Play it safe, get up there this weekend!


----------



## riverc0il (Apr 21, 2006)

you know, the headwall of superstar raises a really interesting point... why focus on superstar for late season skiing?  of course, they did not always focus on superstar but that is the current focus.  why not canyon?  download on K1 if needed but then they would have two lifts spinning instead of just one. :-?


----------



## andyzee (Apr 21, 2006)

riverc0il said:
			
		

> you know, the headwall of superstar raises a really interesting point... why focus on superstar for late season skiing? of course, they did not always focus on superstar but that is the current focus. why not canyon? download on K1 if needed but then they would have two lifts spinning instead of just one. :-?


 
My guess, money. The K1 itself would cost more to run and then yeah, they would have to run a second lift.


----------



## riverc0il (Apr 21, 2006)

but they might not need to blow as much snow would be my thought?  covering that headwall must be a night mare, and then stock piling snow just to cover up bare spots?  ick.


----------



## BeanoNYC (Apr 21, 2006)

Bob R said:
			
		

> Beano thankx for the report. Was there enough snow at the top of Superstar to plow over the dirt patch.  Last year they did that the last weekend I was there so the weekend had better coverage.

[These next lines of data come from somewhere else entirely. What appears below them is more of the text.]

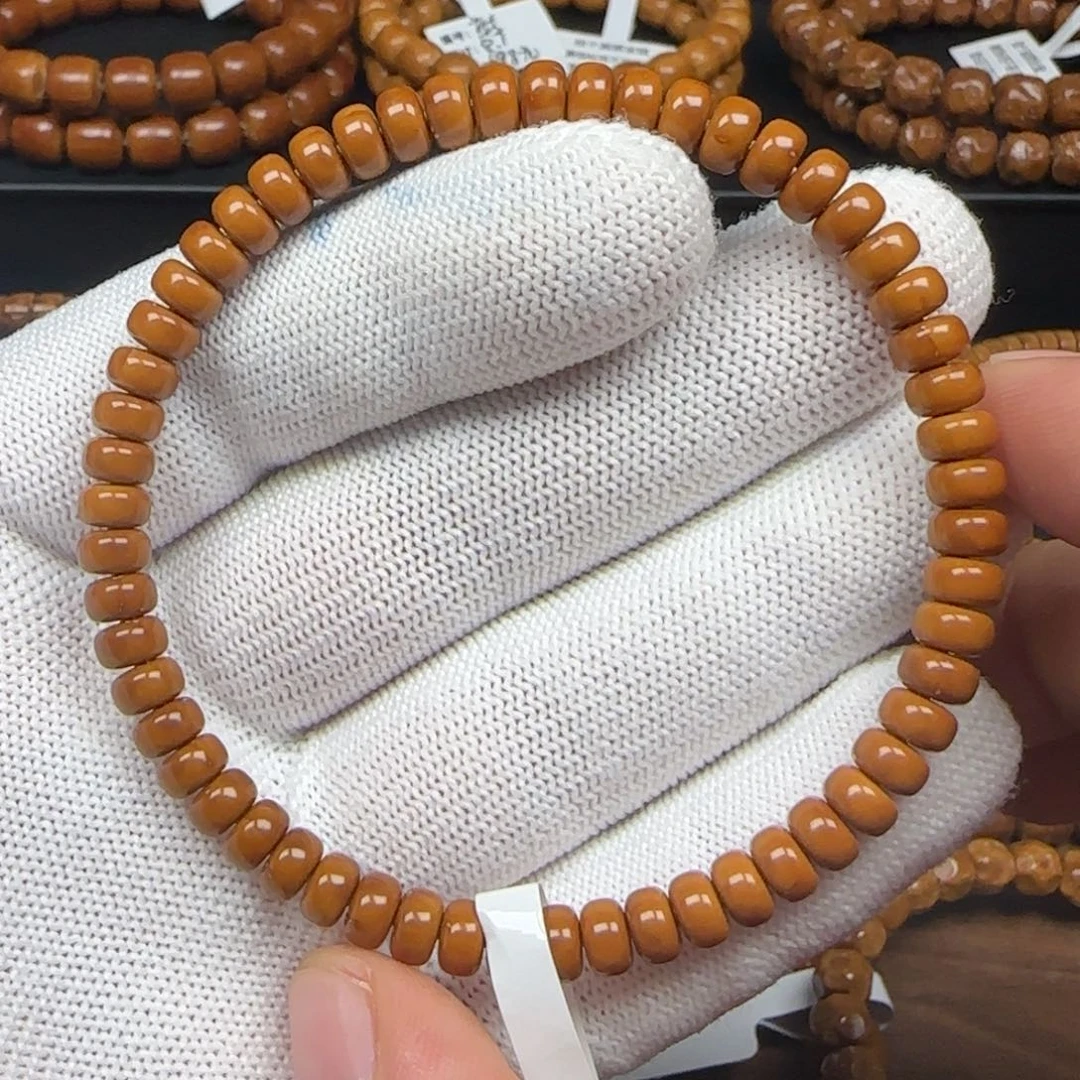 手串紫金鼠6.0mm纯肉算盘珠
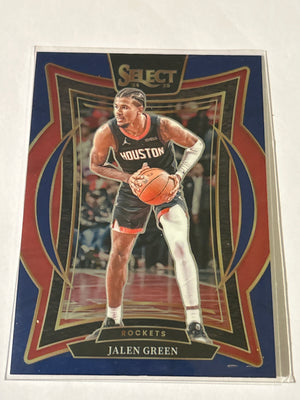 2024-25 Panini Select - Concourse Jalen Green #47 Blue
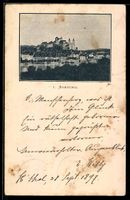 AK Aarburg, Schloss und Ortsansicht am Fluss
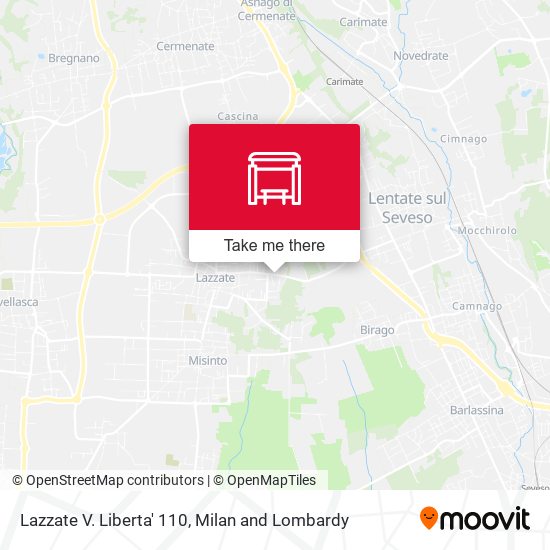 Lazzate V. Liberta' 110 map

Yes, I forgot to mention that.


----------



## Vortex (Apr 21, 2006)

I plan on going to K on the 29 for a few hours in the morning.  BW this weekend.  thankx Rich


----------



## skijay (Apr 21, 2006)

Awesome pictures.  I wish I did go yesterday, but I got so much accomplished with yard work in time for this weekend's rain.


----------



## 2knees (Apr 21, 2006)

riverc0il said:
			
		

> you know, the headwall of superstar raises a really interesting point... why focus on superstar for late season skiing?  of course, they did not always focus on superstar but that is the current focus.  why not canyon?  download on K1 if needed but then they would have two lifts spinning instead of just one. :-?



Superstar has been the focus since around the time they replaced the double and its midstation with the k1.  You cant download the gondola because there is no midstation.  Thats been part of the problem with the early season skiing.  They need top to bottom now since they no longer truck people up and have no midstation or 2 lift system to get people down.  But it is a shame.


----------



## Zand (Apr 21, 2006)

I think K should install a lift from the base to the base of the Canyon Quad. Use it just early and late season. Then they can have skiing off both the Canyon Quad and Glades Triple. Intermediates could ride up the Canyon Quad, play in the Glades, and then ride the Canyon Quad back down to avoid the blacks.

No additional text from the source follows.